# 2004 dodge ram 1500 battery drain



## dss56 (Feb 25, 2006)

I have the dreaded battery drain every 2-3 days.
2004 ram 1500 with 4.7 motor.
The drain will kill the battery in 2-3 days. I traced to the fuse 51, if removed will not drain the battery. Everything in truck works as it should, no codes.
My fix for now is a relay on the fuse 51 slot so when truck is shut off the fuse is out of circuit and when truck started fuse back in circuit.

Problem is in this configuration it resets my radio time and station every time I shut off the truck.
Also it will not work the electric door locks, truck has to be started or fuse 51 in circuit to work the elec. d-locks. There are many other forums out there with many people with this fuse 51 problem and just can't seem to find a fix for it.

I changed out the fuse box nothing
I changed out the front control module connected to the fuse box nothing.
I removed the dash cluster and it stopped the battery drain.
Everything on cluster works and also did the test for cluster holding in the odometer and turn on key only all is good. 

Anyone here have this problem?

thanks dss56


----------



## CARDOCTOR (Nov 29, 2002)

unplug the radio


----------



## Dogplow Dodge (Jan 23, 2012)

CARDOCTOR said:


> unplug the radio


I have a drain in my 92. Same radio drain for the clock, I guess. Fresh main battery fixed it for me. 1000 cca Napa did the trick.

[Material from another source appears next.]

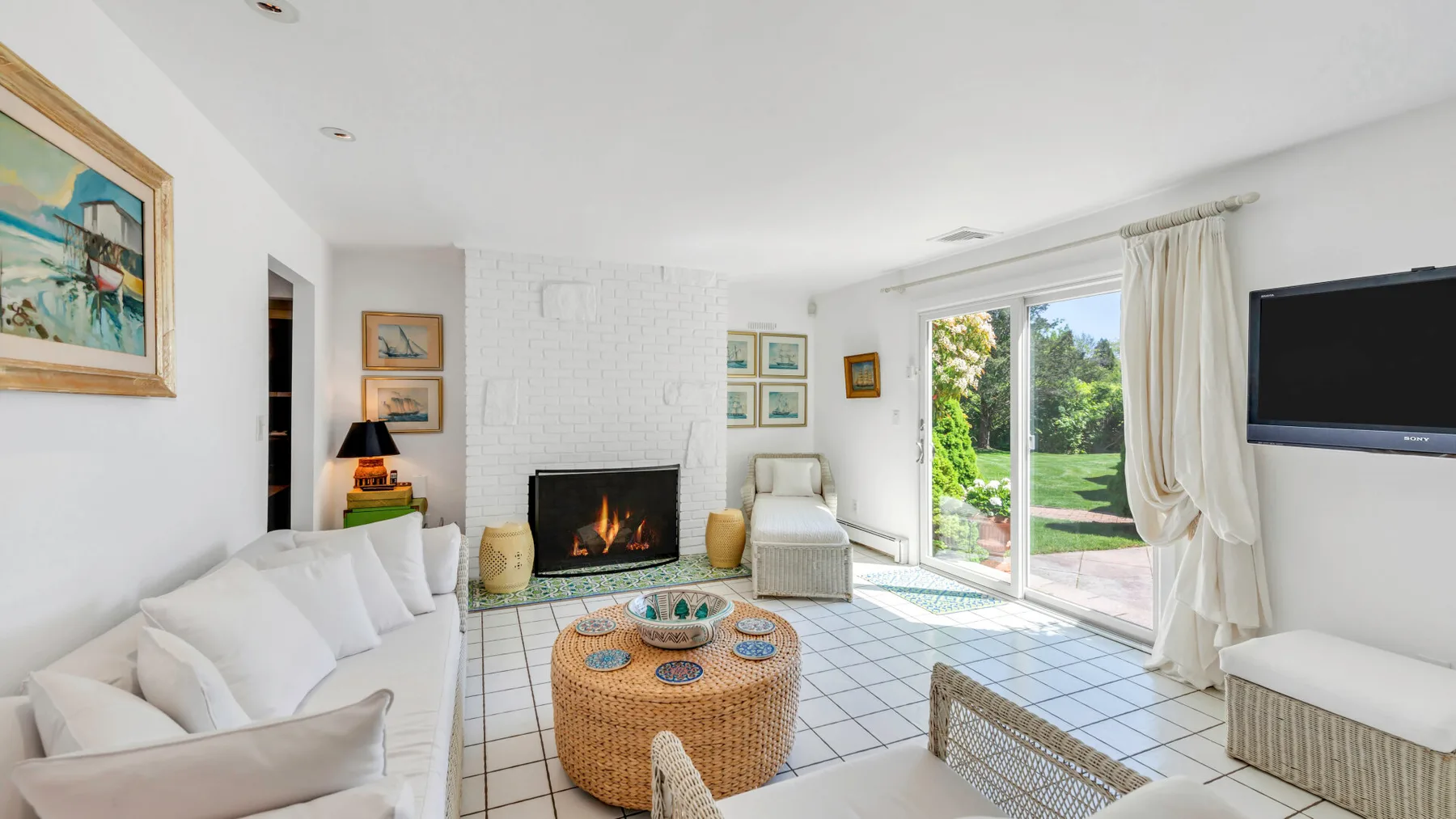 Una luminosa sala de estar con asientos, una chimenea y puertas de vidrio hacia el jardín.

How old is your battery? Ever get it tested?


----------



## Randall Ave (Oct 29, 2014)

Have you connected a meter to the battery to see how many amps is drawn when the truck is shut off. And I think I remember about a dash cluster drain issue on those trucks.


----------



## dss56 (Feb 25, 2006)

Brand new battery replaced 2 times thinking it was the battery until I found fuse 51 drawing current. I dont know how much amps its drawing but enough to kill the battery in 2 days. So I have a relay set up to take out the fuse 51 when truck is shut off. Only big deal is electric lock don't work if truck not running and I loose the radio time when I shut the truck off. I know its in the cluster but everything works on the cluster and radio.
I disconnected the radio and nothing still drawing power.

If you go to all the dodge/ram and Chrysler forums many people have this problem and I have never seen and good fixes. So now I can let my truck sit 2 week and will still start no problem.


----------